16 min read
Note: This article is part of our Backstage guide series. You can find the complete guide here.
Additionally, all articles of the complete Backstage guide are open sourced on GitHub and you can submit pull requests if you think the content needs to be updated. We maintain the information thanks to your feedback.
At its core, Backstage excels at bringing together an array of diverse tools, services, and essential information, all under one roof. This unified and customizable UI streamlines development workflows, improving productivity and empowering developers to thrive in their roles.
As an internal developer platform, Backstage fulfills the dream of a central hub with all the tools and information developers need.
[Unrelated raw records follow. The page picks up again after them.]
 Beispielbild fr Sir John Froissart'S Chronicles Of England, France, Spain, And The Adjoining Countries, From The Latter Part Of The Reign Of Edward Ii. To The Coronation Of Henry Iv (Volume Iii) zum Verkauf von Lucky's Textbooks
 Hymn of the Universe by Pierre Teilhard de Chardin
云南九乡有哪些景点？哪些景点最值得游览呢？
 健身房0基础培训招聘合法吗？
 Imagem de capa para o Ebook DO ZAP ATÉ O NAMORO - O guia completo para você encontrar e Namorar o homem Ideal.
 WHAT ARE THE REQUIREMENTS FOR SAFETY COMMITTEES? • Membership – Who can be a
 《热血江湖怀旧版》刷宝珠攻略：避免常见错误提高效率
The days of platform engineers struggling to maintain their custom-made platforms may be over. But before throwing yourself single-mindedly into adopting Backstage, this article invites you to look at its inner workings and evaluate its offerings.
This is the second installment of the “Evaluating Backstage” series. The first article focused on how and why Backstage was developed. This article focuses on how Backstage works. You’ll learn about Backstage’s essential concepts and core offerings, and you’ll also delve into Backstage’s plugin architecture. Finally, as no evaluation is complete without addressing security concerns, the last section explores Backstage’s security model.
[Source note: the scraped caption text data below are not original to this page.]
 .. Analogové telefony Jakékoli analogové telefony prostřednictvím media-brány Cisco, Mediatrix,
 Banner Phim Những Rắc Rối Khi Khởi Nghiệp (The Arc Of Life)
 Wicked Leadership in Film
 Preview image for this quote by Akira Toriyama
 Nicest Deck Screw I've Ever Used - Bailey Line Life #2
Backstage’s Essential Concepts
Backstage is a software catalog, or a central repository that lists and categorizes software components your company develops or uses. You could compare Backstage to a phone book listing all microservices, desktop apps, mobile apps, and web applications, but it’s actually much more than that. Backstage also serves as a frontend for all your developer tools, thanks to a modular plugin ecosystem that gathers your tools in a central place within the catalog so you can easily find them.
Backstage is highly customizable, so companies can adapt it to their exact needs. The code is open source, and when installing Backstage, you generate a template application that you can customize and extend with plugins. Backstage is not a black-box application where you install plugins; rather, you maintain your own source code and can modify it as needed.
Backstage is also a developer-centric platform that uses contemporary configuration management best practices, namely GitOps. The catalog’s definition is stored in Git repositories in YAML format (using a Kubernetes-style manifest). Owners of each Git repository are expected to write catalog configurations for the software they are building or maintaining, following the Backstage system model.
Backstage System Model
The system model is a conceptual representation of the data inside the Backstage software catalog. It defines all the high-level concepts (system, component, resource, API, and so on) that constitute the catalog and the possible relationships between its constituents. The following diagram illustrates the system model:
In a way, the system model is similar to a class diagram or a database schema. Understanding the model will help you configure the software catalog.
Backstage Software Catalog
A software catalog allows you to manage your software assets (such as your frontend and backend applications as well as databases) in a structured and consistent manner, providing transparency and accountability throughout your company’s ecosystem. Backstage allows you to easily locate all systems, resources, components, and features and see how they relate. Understanding these relationships helps you navigate the system and identify dependencies between applications. Ultimately, the services catalog can clearly show an overview of how a company’s ecosystem works. It’s important to keep track of who is responsible for each item in the catalog, so Backstage lets you assign ownership to a department, team, or even a person, and add ways to contact them.
When troubleshooting an issue, Backstage allows you to find the owner of a service and contact them quickly. On the other hand, as a developer, you can find out what systems your colleagues are working on and learn more about those systems.
The central component defined in the catalog is a system. A system is a set of elements that work together to provide some features. The following snippet is an example of how a system can be defined in the catalog:
# Defining a system
apiVersion: backstage.io/v1alpha1 # Kubernetes-style manifests
kind: System
metadata: # Provide context
name: audio-playback
description: Audio playback system
spec: # Define relations
owner: team-c # Define accountability
domain: playback
Once you define the system, you must complete the catalog with more information about that system. A system can be part of a group of systems called domains. A system has components (pieces of software) and resources (services it needs to run). Both components and resources represent the structure of a system. A system also provides or consumes various APIs that define what it offers and its dependencies on other systems.
You can define all entities described in the diagrams in the same way. The following example defines a component for the audio-playback system above. In this example, let’s imagine that this component provides an API (playback-order-api) and consumes a database (playback-db):
# Defining a component
apiVersion: backstage.io/v1alpha1 # Kubernetes-style manifests
kind: Component
metadata: # Provide context
name: playback-order
description: Playback Order
tags:
- java
- playback
spec: # Define relations
type: service
lifecycle: production
owner: team-c # Define ownership
system: audio-playback # Define the service relationship
dependsOn:
- resource:default/playback-db # This component uses a DB
providesApis:
- playback-order-api # The component is providing an API
The next step is to define the resource (playback-db) and API (playback-order-ap). If you’re interested, you can find those configurations in detail on GitHub. But the most important thing is that you can see the model in Backstage once those entities are ingested in the catalog. The following is the Catalog Graph page, where you can see the described model system:
Once you define all the entities (system, components, resources, APIs, and so on), you get a broad overview of your company’s ecosystem.
What Does Backstage Offer?
Backstage comes with a few really interesting features right out of the box.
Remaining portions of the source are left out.